Семейная жизнь Курбского в Польше сложилась счастливо лишь со второй попытки. В 1571 г. он женился на знатной и богатой польке Марии Юрьевне, урожденной княжне Гольшанской. Но этот брак закончился тем, что Курбский потребовал развода с супругой и в апреле 1579 г. женился на девице из бедного дворянского рода – Александре Петровне Семашко, которая родила ему дочь Марину и сына Дмитрия. Скончался Курбский в мае (между 3 и 23-м числами) 1583 г. и был похоронен в трех верстах от Ковеля, в монастыре Святой Троицы в Вербке. Могила его не сохранилась. Шесть лет спустя решением суда Ковель был отобран у наследников Курбского и передан другому владельцу.

Род Курбских угас на внуке Андрея Михайловича – Яне, умершем без потомства в 1672 г. Но двадцать лет спустя в России объявились самозванцы – представители мелкого витебского рода Крупских, объявившие себя потомками знаменитого князя. Их приняли на русскую службу, но в дальнейшем самозванцы никак себя не проявили и закончили свои дни на каторге.

С годами облик подлинного, реального политика, полководца и писателя князя Курбского практически забылся.
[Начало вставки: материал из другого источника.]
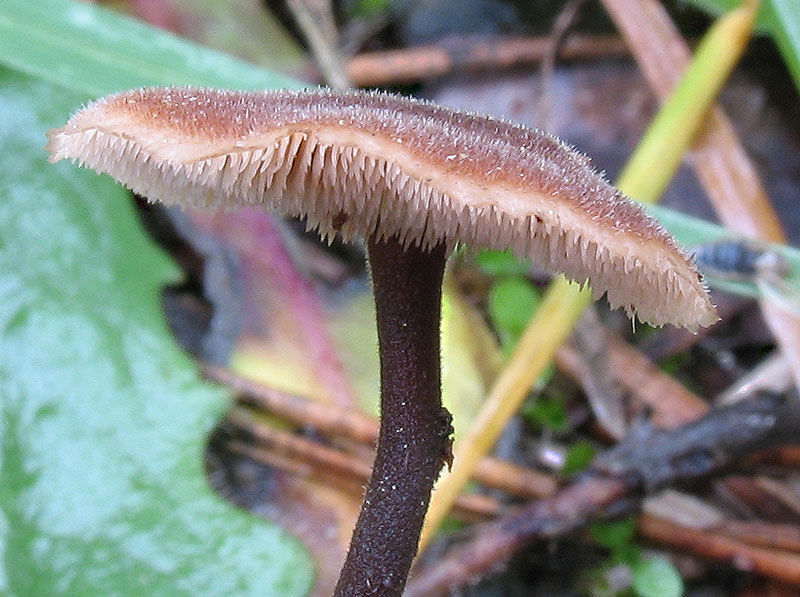 Immagine allegata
Он превратился в легенду, романтическую фигуру, стал героем стихотворений, исторических романов и драм, в которых его образ трактовался в зависимости от позиции автора. Например, М.М. Херасков в поэме «Россияда» упоминал Курбского как «некого ярого льва», вельможу, который искренне любит Отечество; К.Ф. Рылеев в своей балладе описывал его как «в Литве враждебной грустного странника», А.С. Пушкин в «Борисе Годунове» сочувственно назвал его «несчастным вождем», а первый биограф князя В.Ф. Тимковский писал о Курбском так: «Он имел ум твердый, проницательный и светлый, дух высокий, предприимчивый и решительный… Сердце его расположено было к глубоким чувствованиям любви к отечеству, братской нежности и искреннейшей благодарности; душа его открыта была для добра. Он был верный слуга самодержавия и враг мучительского самовластия. Презирал ласкателей и ненавидел лицемерие. Его просвещенная набожность и благочестие были, кажется, выше понятий того века, в котором он жил… Храбрость и вообще воинские доблести почитал он весьма высоко и, чувствуя в себе дар сей, позволил себе некоторую рыцарскую гордость, которая презирала души слабые и робкие. В самом деле, храбрость его была чрезвычайна, даже походила иногда на запальчивую опрометчивость и дерзость необузданную, и во всяком случае напоминает она мужество древних Русских Богатырей, или Витязей Гомеровых». Сейчас в Курбском видят то «первого русского диссидента» и борца за свободу, человека, значительно опередившего свое время, то обычного изменника, прельстившегося службой в иностранной армии. Как справедливо заметил современный биограф князя А.И. Филюшкин, «данный образ не имеет отношения к реальному Курбскому и в наши дни стал шаблонным символом правдолюбца, обличающего власть, причем даже не важно, с каких позиций». Но, по всей видимости, отсчет истории русской политической эмиграции все же можно вести именно с Курбского.